PAN M 360 : Quel est l’impact de la pandémie sur votre saison, et votre carrière ?

Jeffrey : Ouf! L’impact pour Paramirabo est énorme. Il va sans dire que les musiciens de l’ensemble qui sont tous pigistes ont perdu énormément de travail. Paramirabo de son côté a dû annuler deux autoproductions à Montréal qui incluaient trois créations. Une reprise montréalaise de Alone and Unalone était prévue le 3 avril dernier en même temps que la création de l’arrangement de Voi(Rex) pour voix d’homme de Philippe Leroux dans le cadre du Forum IRCAM à Montréal. C’est un grand deuil pour l’ensemble, d’autant plus que nous avions déjà commencé les répétitions. De plus, Paramirabo a dû reporter un concert à Berlin (encore en collaboration avec James). Finalement,  il y a l’annulation du stage de Musique Nouvelle du Domaine Forget où nous étions en résidence. Mais au-delà de tout, ne plus se voir et ne plus faire de la musique ensemble est infiniment triste. Nous avons très hâte de nous retrouver!

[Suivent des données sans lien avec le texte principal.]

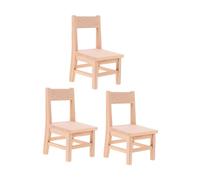 Beaupretty 3 pièces Miniature Wooden Doll Chairs for Dollhouse Living Dining Realistic Mini Chairs for DIY Tiny House Furniture Accessories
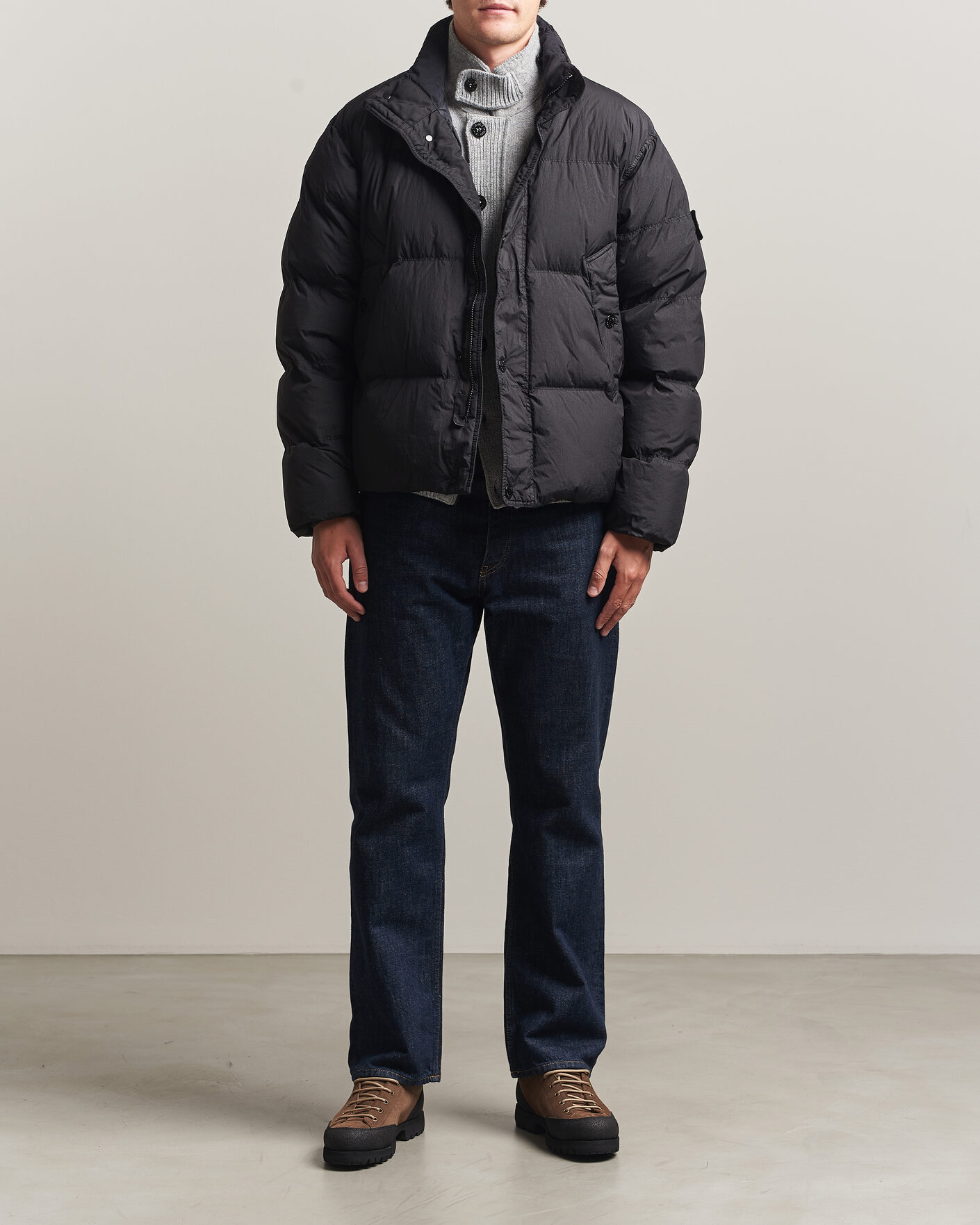 Herre | Jakker | Stone Island | Crinkle Reps Padded Down Jacket Black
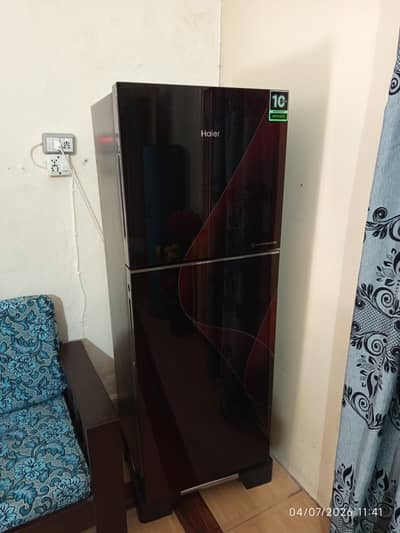 Haier HRF-276IPRA refrigerator for sale- Red glass (new condition)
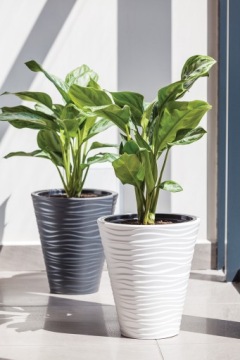 ЦВЕТОЧНЫЙ ГОРШОК SAHARA 3D СО ВСТАВКОЙ H44.5 FI40 антрацит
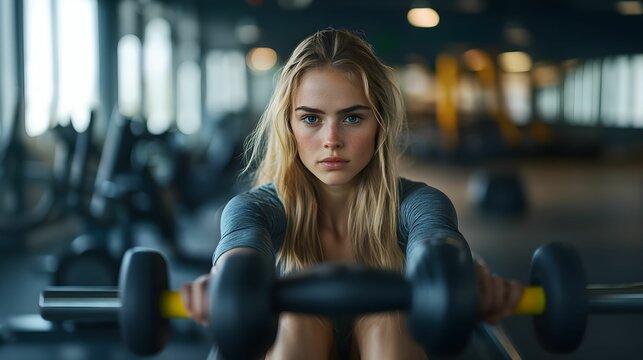 kobieta, trening, siłownia, blondynka, sportowy str&oacute;j, ćwiczenie, stock photo, Canon EOS R3, przysłona f/2.0, nowoczesna siłownia, aktywność fizyczna, fitness, kobieta w ruchu, trening siłowy, zdrowy,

James : C’est assez démotivant, pour être honnête. Mais en même temps, j’ai beaucoup de chance en tant que compositeur car mes revenus sont fondés principalement sur des commandes. Contrairement aux interprètes, mes moyens de subsistance ne sont donc pas vraiment en jeu, et je continue de travailler sur mes différents projets, dont l’avenir est incertain.